This site was difficult to reach. In the nearby town we stopped at a museum with sacrificial horse skeletons. Then we drove near the site and got out and walked. Our prof decided to take us on a "short cut" through weeds and nettles. Fun stuff that. When we finally reached the fence, the gate was locked. So instead of leaving the way we came, an executive decision was made to jump the fence. We actually ended up jumping several fences/stone walls but you didn't hear it from me. The walk up there was gorgeous though. There were about a million wildflowers on either side of the dirt path and the air was heady with their scent.
There wasn't much to the actual site as you can see but, for those interested, there is no evidence of an altar with these temples.
The Church over the Valley
You can't tell from this photo but this church is standing on the top of a mountain. Again the walk over, completely gorgeous, with the murmuring of bumblebees in the background. The low wall you see, happened to be something of a hazard as we didn't realize the drop. I almost sat down on it before looking over the side. The view is amazing though. You can see the whole valley and I only wish I'd taken a picture of it to show you.
This is the paved courtyard of one of the Minoan palaces. By the time we got here the sun was high in the sky. We stood in the shade of a wall to listen to the presentation about the site. At one point in time the palace was destroyed by an earthquake. Fortunately for the inhabitants, it was rebuilt. Also, this is where the Phaistos Disc was found, a clay disk with an undecipherable hieroglyphic text on it.
This was our lunch site, not far from Phaistos. This is the site of the Ayia Triada Sarcophagus, painted with scenes of Cretan life. This settlement proved to be a treasure trove of artifacts. The Boxer Vase, the Harvest Vase and the Chieftain's Cup were also found here. For the rest of us, there were a lot of bronze age drains that made my prof happy as well as a lot of stone cut stairways which made my day.

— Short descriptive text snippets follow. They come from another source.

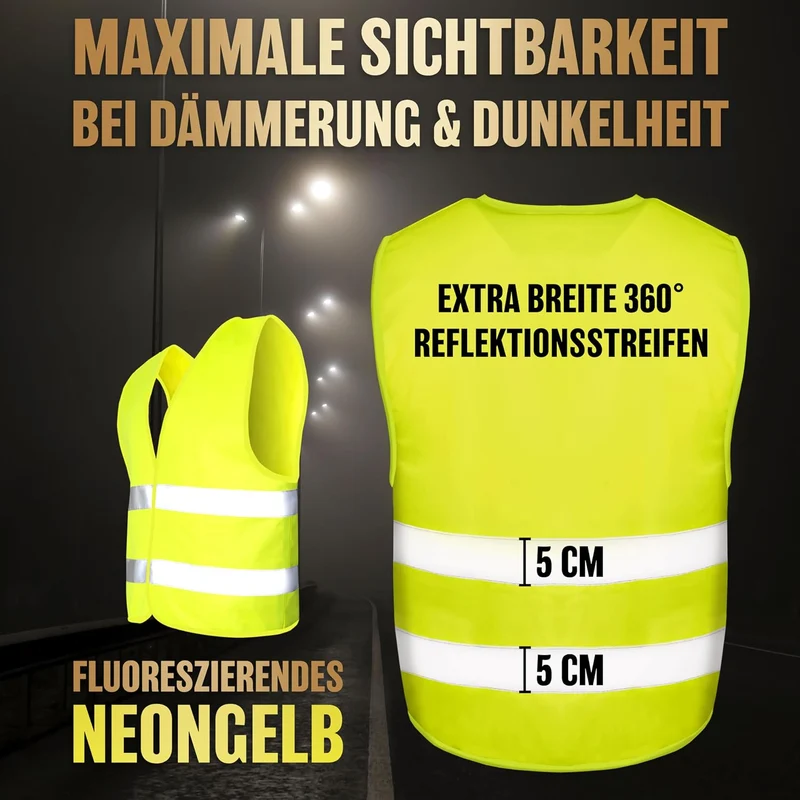 Warnwesten Auto 4er Set Europaweit gültig nach aktueller Norm 2026 EN ISO 20471 - Reflektierende Warnweste Auto - Sicherheitsweste Gelb - Warnschutzweste - Auto Warnweste für Erwachsene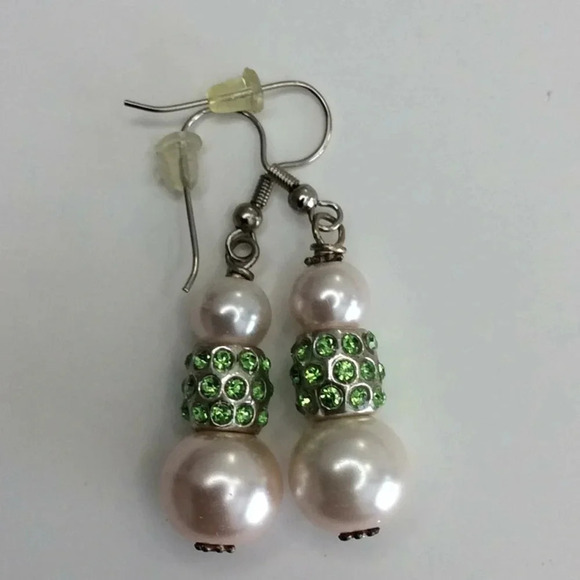 Handmade Pink & Green Custom Earrings - Picture 2 of 4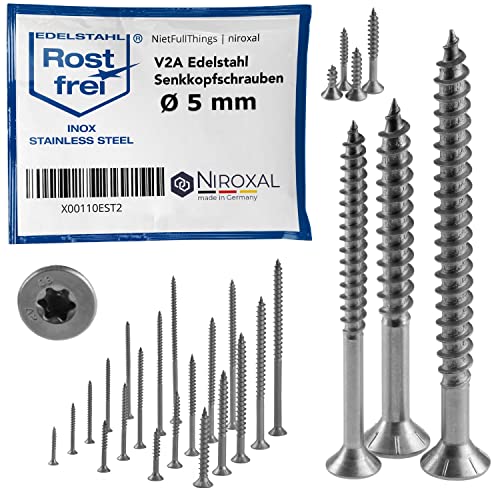 Torx Lot de 4 vis, en acier inoxydable V2A, pour bois A2, panneaux d'aggloméré, à filetage partiel, 5 mm d'épaisseur, longueur : 55 mm Cover
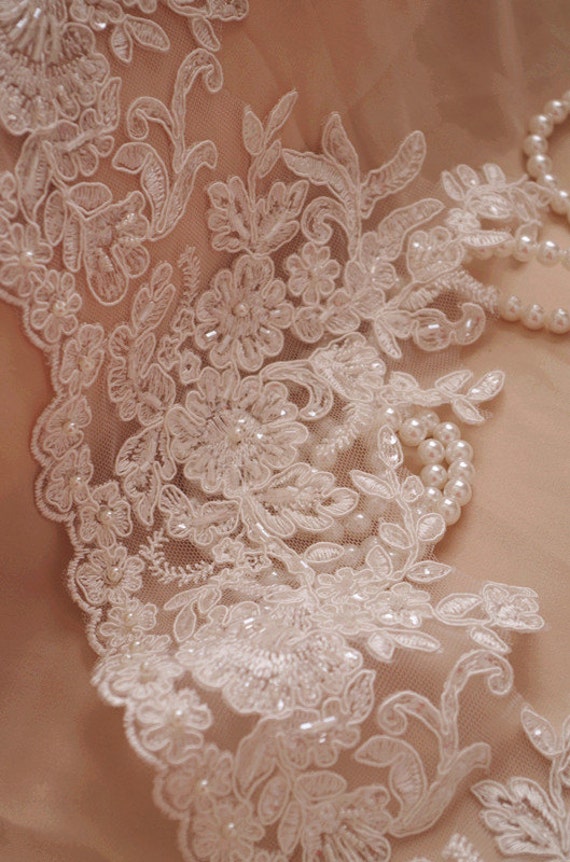 pearl beaded lace trim sequined lace trim super delicate
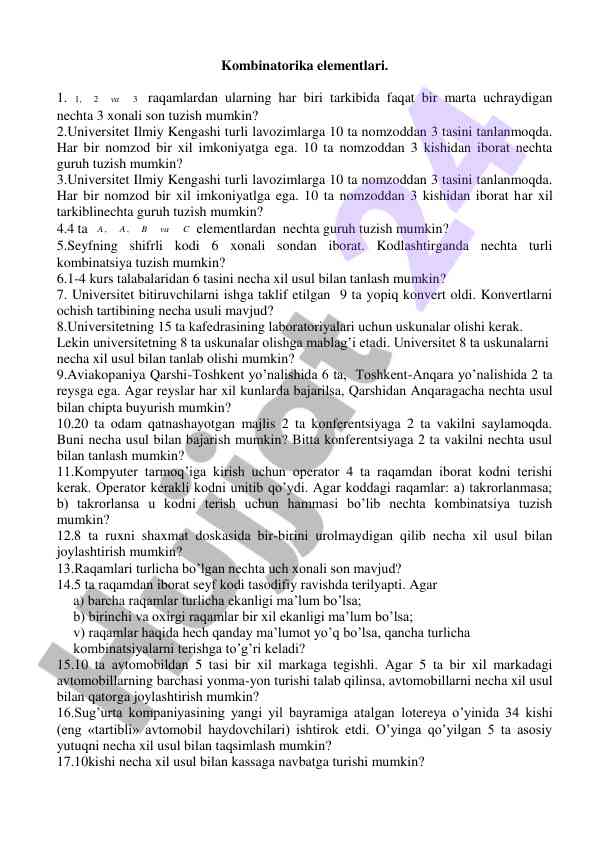 Kombinatorika elementlari bilan gruh tuzish masalalari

It's hard to imagine how the ancient equivalent of someone's tupperware could be considered beautiful but I think this storage jar comes pretty close.
The Ayia Triada Anomaly
This beautiful little church sat on a hill at the back of the site. I'd already seen everything I wanted to. I'd taken pictures of the bronze age drain, the various gorgeous stone cut stairways, the decorated storage jars. The area was gorgeous. Just behind me was a bench underneath ancient olive trees, providing a great place for an afternoon nap. I hiked up to the bench and then saw this building that obviously didn't fit in with the rest of the architecture of the site. So I decided to hike around the front and find out what was what.
Inside the Church
I decided to see if I could get inside and to my surprise, there was no door. I walked in, confronted by these beautiful, disappearing saints. The frescoes must have been vibrant once and I could still pick out the faded faces, despite the damage. To my surprise this church, small as it may have been, was still in use. The altar had a small lace handkerchief covering it, a pot of flowers stood to the side, a censer hung on the wall and a few paintings sat against the walls, perhaps to supplement the wall saints. I started to wonder at the people who must visit and worship at this tiny church, who they might be, how far they must come from.
Ruins across from Ayia Triada
I spotted these buildings across the way from where we were. It was too far away to hike to so I decided a picture would have to do. I don't know how old the buildings were but it's fascinating to think that all over Crete there are ruins. Some have been abandoned, others forgotten, some excavated, some waiting for funding, some not worth the time and effort.
The southern part of this beach contains the archaeological site of Kommos, a Minoan harbour. It most likely served the palace at Phaistos. After an explanation of the site we had "beach time". Of course we were only told this after we boarded the bus so I spent my time on the beach or wading. I tried to read and nap but ended up getting a burn the shape of my hand. By this point we were well versed in the art of sunscreen application but I managed to miss one spot on my shoulder and spent the rest of the trip with a sunburned hand print. Hilarious I know. Other than that, it was an amazing day. The sun blazed down and a slight breeze was coming off the ocean.
This is a shot from my room in the Idi Hotel. Zaros is a beautiful village tucked into Idi Mountain. Just as the sun was setting we walked up the street to a taverna. Close to our table there was a giant aquarium full of various fish that I suspect served as a buffet for customers. I ordered the salmon but was surprisingly adventurous with my food. Someone ordered an appetizer of snails in olive oil and I pried one out of his shell. One of my friends told me the place to eat great escargo was Crete. Unfortunately the snails were bland and chewy, much like raw octopus. I also tried swordfish which I highly recommend. It was more substantial and less flaky then my salmon. I also ordered my first beer. I'm not big on beer but I figured while in Crete, take every opportunity to try something new. Being back in Canada, I think I prefer the Greek beers. We saluted one of our group's birthday with ouzo later that night. I can tell you now I have no love for that drink. It was also during this time that we heard gunshots, the sound growing steadily closer. For our own safety we decided to turn in for the night. The next day as we were leaving we found shell casings next to the fence surrounding the hotel's patio. It turned out there was a military graduation last night and it apparently included bullets. Comforting.